How many books read in 2015?

149

Fiction/Non-Fiction ratio?

Fiction: 102
Nonfiction: 44
Poetry: 3

Male/Female authors?

Male: 78
Female: 71
Multi-author, at least one of each: 0

Favorite books read?

The Sympathizer by Viet Thanh Nguyen was my favorite that I read for Notable Books related reasons and Vicious by V.E. Schwab was my favorite that I read for other reasons. The Sympathizer is a spy thriller that also happens to be a brilliant book about identity and ideology and loyalty. Vicious features two opposing individuals, formerly best friends, who gave themselves super powers and who have that Sherlock/Moriarty just-screw-already thing going on so hard that the author offered to send a signed book plate to anybody who writes slash about them. Sadly I could only find one person on the internet who did so. (I mean, Victor literally observed at one point that he wasn't sure if he was more jealous of Eli for getting the girl he had his eye on or the girl in question for taking Eli's attention away from him. The slash goggles do not have to be that strong a prescription to see it.)

Least favorite?

Because I was having to read a lot of things I didn't choose to read this year, there were a lot more things that I finished but that bored me than there usually are, but I think the one I actually disliked the most was The Boston Girl by Anita Diamant. This young woman lives through a time period where a bunch of stuff happens like world wars and women's suffrage but doesn't actually participate in any of it herself or make any particularly interesting observations about what's going on around her.

Oldest book read?

Giovanni's Room, I think, since virtually everything I read last year came out since November of 2014.

Newest?

Virtually everything I read this year had just come out.

How many re-reads?

5

Most books read by one author this year?

David Liss, I think. I reread all of his non-series books back in January when I had time for rereads and then The Day of Atonementcame out in paperback.

Any in translation?

Probably more than I am aware of, just looking at the list. Bred to Kill by Franck Thilliez, for sure. 
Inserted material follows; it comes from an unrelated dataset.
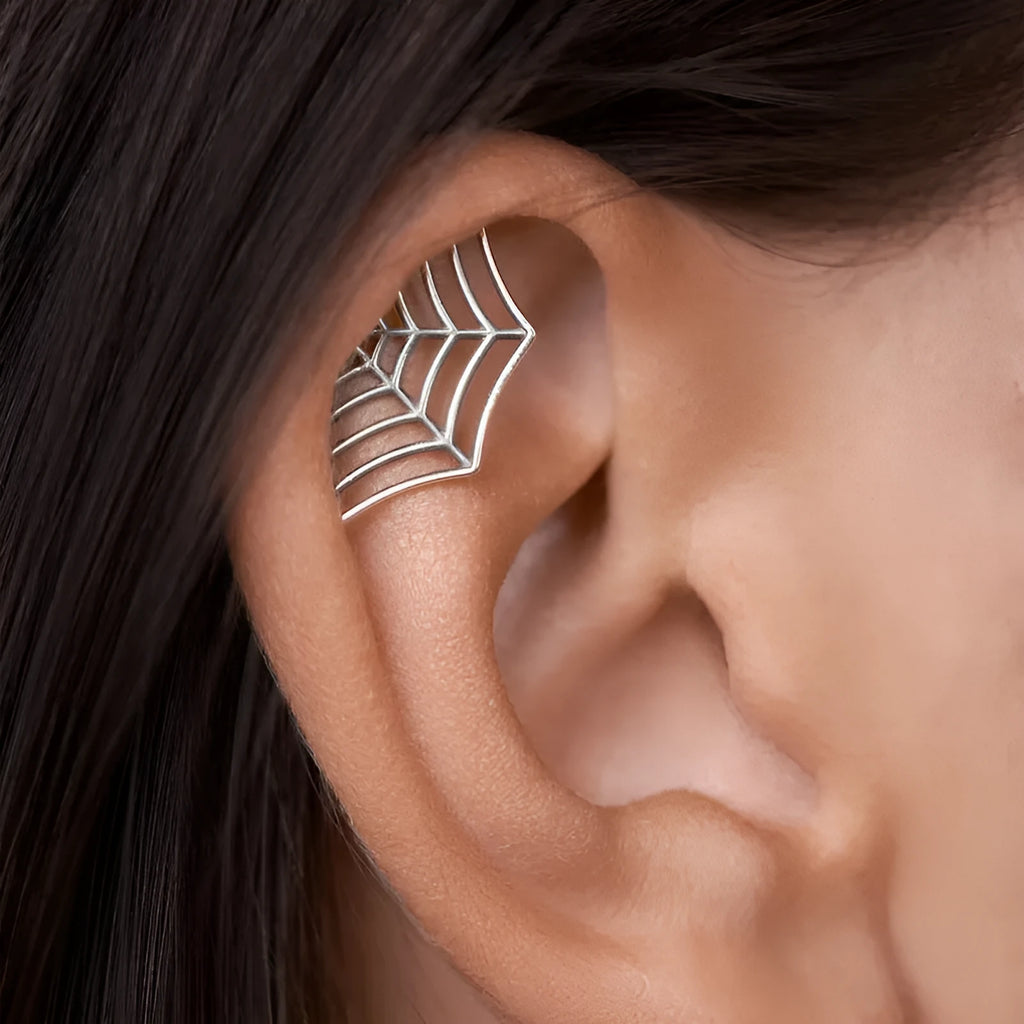 Geometric spider web stud earrings with electroplated gold and silver metallic finishes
How many of this year's books were from the library?

38

Book that most changed my perspective:

I don't know that any book really qualifies for this.

Favorite character:
Well, I read a Dresden Files book, so, there's that. But of the new people, Victor in Vicious. 

Favorite scene:
Probably the ending of A Christmas Gone Perfectly Wrong by Cecilia Grant

Most inspirational in terms of your own writing?
Romantic Outlaws, by Charlotte Gordon, a duel biography of Mary Wollstonecraft and Mary Shelley.

How many you'd actually read again?
About thirty, I think.

Favorite quote:
This is going to be a slight paraphrase because I don't have the book at hand, but in the second paragraph of Animals by Unsworth is something to this effect. "I figure there's two reasons why girls get tied to beds: sex, or exorcisms. Which was it with you last night?"